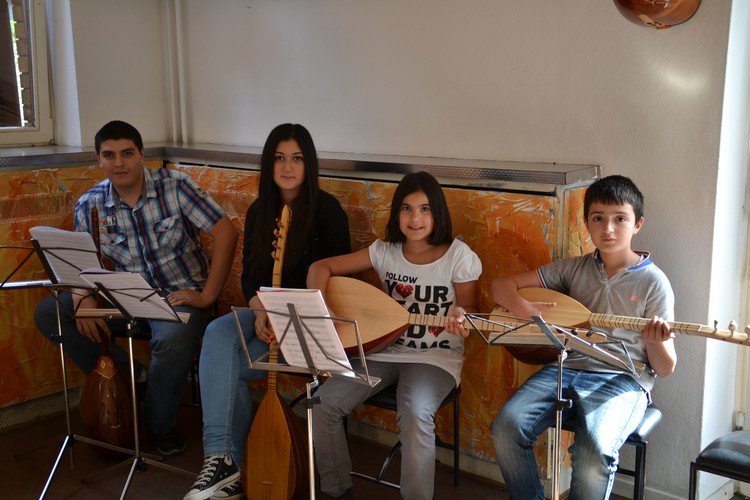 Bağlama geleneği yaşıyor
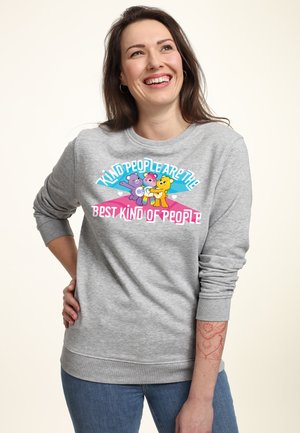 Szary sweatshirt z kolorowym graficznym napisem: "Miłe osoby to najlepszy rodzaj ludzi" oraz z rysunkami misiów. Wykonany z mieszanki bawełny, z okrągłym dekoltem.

...

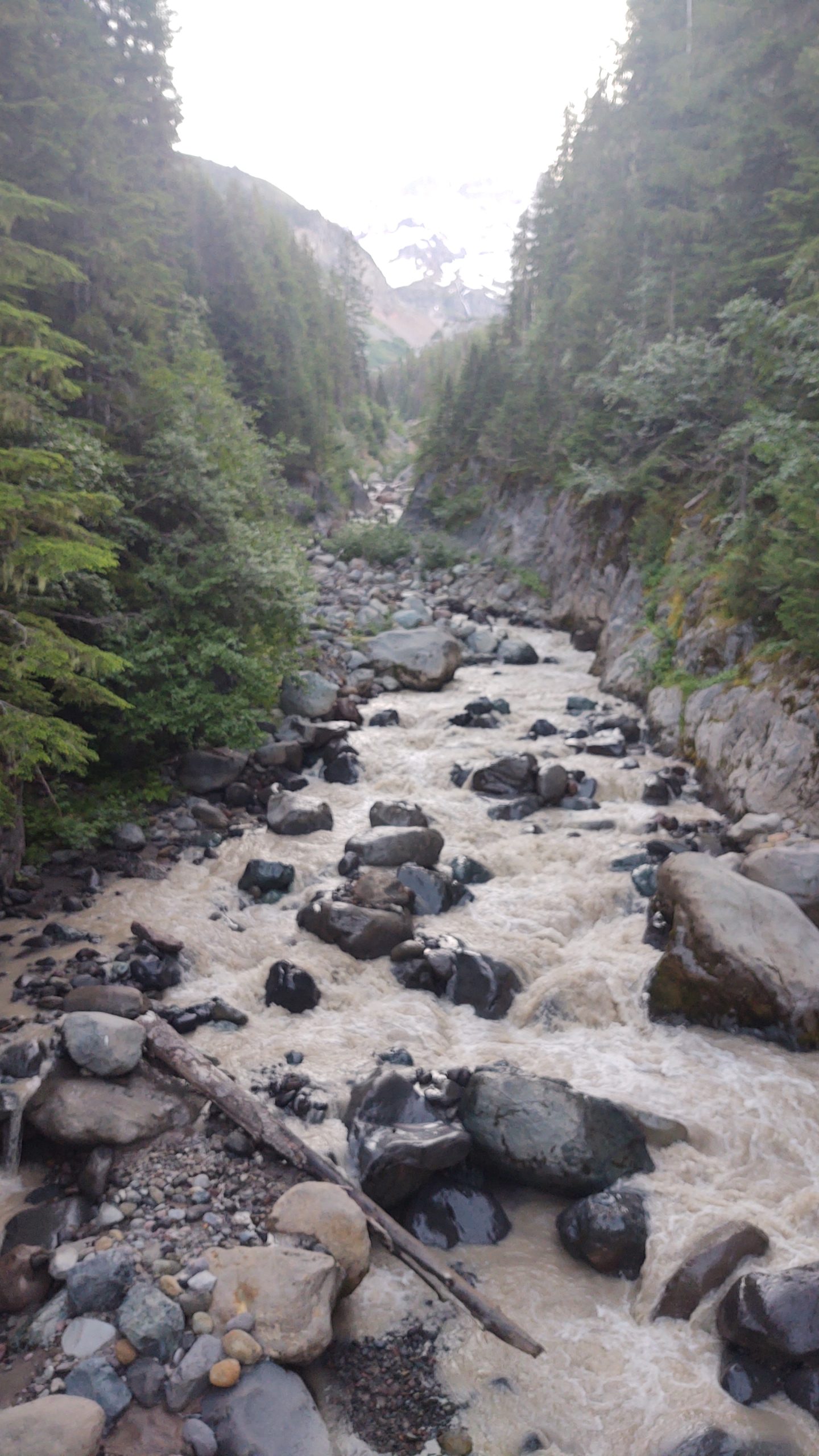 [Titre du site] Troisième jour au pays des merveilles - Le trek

> [WHAT YOU SHOULD DO]
Make an exact copy of the lines above, beginning with the line with "Bağlama geleneği yaşıyor" and ending with the line with "Szary sweatshirt z", and keep the pictures out of it.

> [REPLY TO THE EXERCISE]
 Bağlama geleneği yaşıyor
 Szary sweatshirt z kolorowym graficznym napisem: "Miłe osoby to najlepszy rodzaj ludzi" oraz z rysunkami misiów. Wykonany z mieszanki bawełny, z okrągłym dekoltem.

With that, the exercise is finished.